2

I'm making an app that parses html and gets images from it. Parsing is easy using Beautiful Soup and downloading of the html and the images works too with urllib2.

I do have a problem with urlparse to make absolute paths out of relative ones. The problem is best explained with an example:

>>> import urlparse
>>> urlparse.urljoin("http://www.example.com/", "../test.png")
'http://www.example.com/../test.png'

As you can see, urlparse doesn't take away the ../ away. This gives a problem when I try to download the image:

HTTPError: HTTP Error 400: Bad Request

Is there a way to fix this problem in urllib?

Mew
  • 1,049
  • 7
  • 17

4 Answers4

3

".." would bring you up one directory ("." is current directory), so combining that with a domain name url doesn't make much sense.

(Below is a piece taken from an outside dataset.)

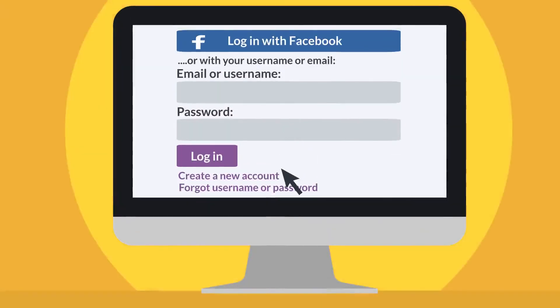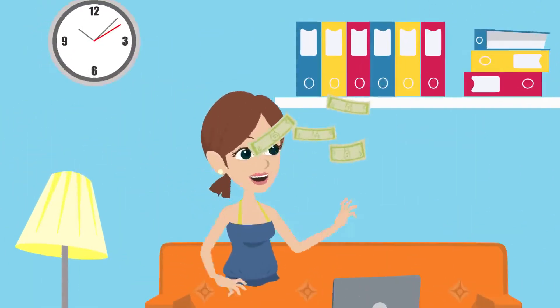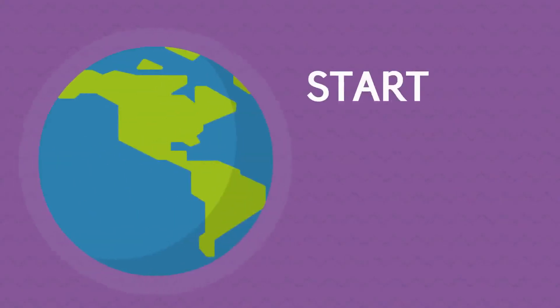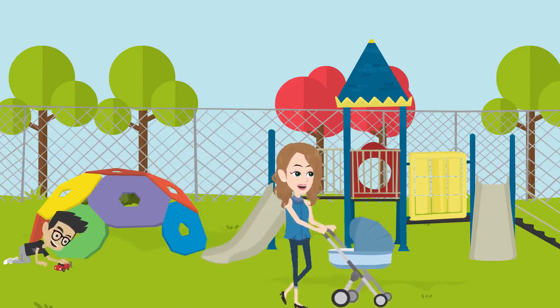Connect and create an account to sell, rent or even give away your baby stuff. Earn money safely and make some room in your house. Think about the environment and start acting green. Get second hand for your baby and save money.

Maybe what you need is:

>>> urlparse.urljoin("http://www.example.com","./test.png")
'http://www.example.com/test.png'
rtpg
  • 2,419
  • 1
  • 18
  • 31
  • While this is a solution, this won't work in my case: my application has to be able to retrieve images from any websites.I can't just replace "../" by "./" because this would break for other sites where it is actually supposed to go look at the parent directory. – Mew Nov 06 '10 at 17:35
  • urlparse.urljoin("http://www.example.com/dir/","../test.png") works for me ( I get 'http://www.example.com/test.png'). I guess it's just that ".." doesn't mean anything in the context you have (what is one directory up the base one). At least I don't think it does. – rtpg Nov 06 '10 at 17:41
2

I think the best you can do is to pre-parse the original URL, and check the path component. A simple test is

if len(urlparse.urlparse(baseurl).path) > 1:

Then you can combine it with the indexing suggested by demas. For example:

start_offset = (len(urlparse.urlparse(baseurl).path) <= 1) and 2 or 0
img_url = urlparse.urljoin("http://www.example.com/", "../test.png"[start_offset:])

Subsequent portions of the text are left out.